Some Stuff About Cheese

Finding a new cheese to add to your life is a great way to spend a weekend afternoon. There are great spots in just about every city to explore new tastes. Once you find your new cheese, having it lose its flavor or dry out before you can share it with others is a sad moment. So let’s talk about caring for the cheese.

As a rule, you shouldn’t slice up your hunk of cheese before you are ready to use it. Unpasteurized cheese will lose subtlety and aroma once it is sliced and more area is exposed to the oxygen in the air. So could you keep them in hunks as long as you can?

Find out from your cheese vendor or from searching the Internet what conditions were used to mature your newfound cheese. Storing your cheese in the same conditions is often the best way to keep it flavorful. The average storing temperature is about 8-13 C (about 46 degrees Fahrenheit) for complex, semi-hard, and semi-soft cheeses. Cheese stored in the refrigerator should be removed about an hour and a half before serving; let the cheese warm up ,allowing the flavor and aroma to develop.

Keeping your cheese in the waxed paper is much better than a plastic wrap or plastic container. Waxed paper inside a loose-fitting storing bag will not lose humidity and maintain air circulation. Plastic will often condense air and trap moisture. One exception to this would be blue cheese. Mold spores from blue cheese spread quickly and easily. If they stayed on the cheese, that would be fine, but they don’t and quickly spread to anything close. Cheeses contain living organisms that must not be cut off from the air, yet it is essential not to let a cheese dry out.
Most cheeses are like sponges for other strong-smelling odors, so you don’t want to store cheese next to the garlic dip or anything that might damage the cheese’s flavors.

So what cheese should we be looking for? It depends significantly on what we might be serving with the cheese. If wine is on the list, it may be easier to narrow down an excellent new cheese to bring home.

The rule of thumb for finding cheese to serve with wine is the whiter and fresher the cheese, the crisper, and the fruitier the wine. White wines typically go better with more cheeses than red wines, but a dry fresh red wine goes very well with soft

cheeses, especially goat milk types. Light fruity red wines are often the best for other cheeses, but the heavier reds are a hard match with cheese.
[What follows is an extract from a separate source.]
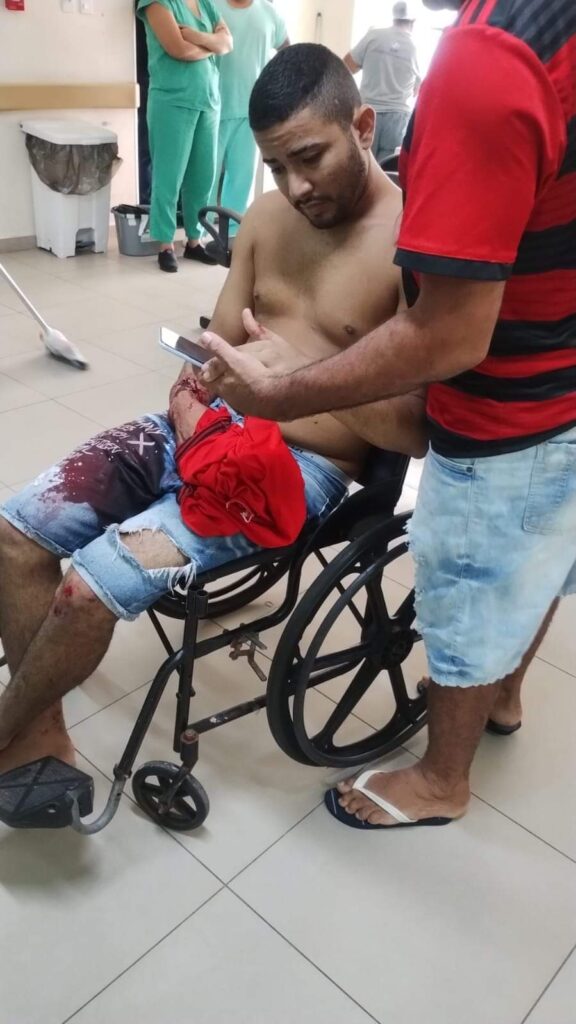 BELÉM: Delegado da Policia Civil intervém em um assalto perpetrado por dois elementos, e um dos bandidos acaba baleado e preso (foto abaixo).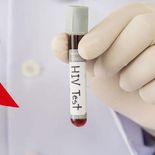 La falta de campañas de prevención y el acceso limitado a preservativos aumentan la propagación del virus. La falta de campañas de prevención y el acceso limitado a preservativos aumentan la propagación del virus.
Sweet wines a great with cheeses that have high acidity, the contrast in tastes is often delightful. Dry champagnes are a great choice with bloomy white rinds.

The matching of cheese and wine is such an old culinary tradition that when you are first starting on the matching exploration of these two, try combinations that include cheese and wine from the same geographical regions. There are probably good reasons they make the cheese and wine they do.
Personal enjoyment is the last and final line of judgment. So enjoy yourself and have a great time exploring new tastes.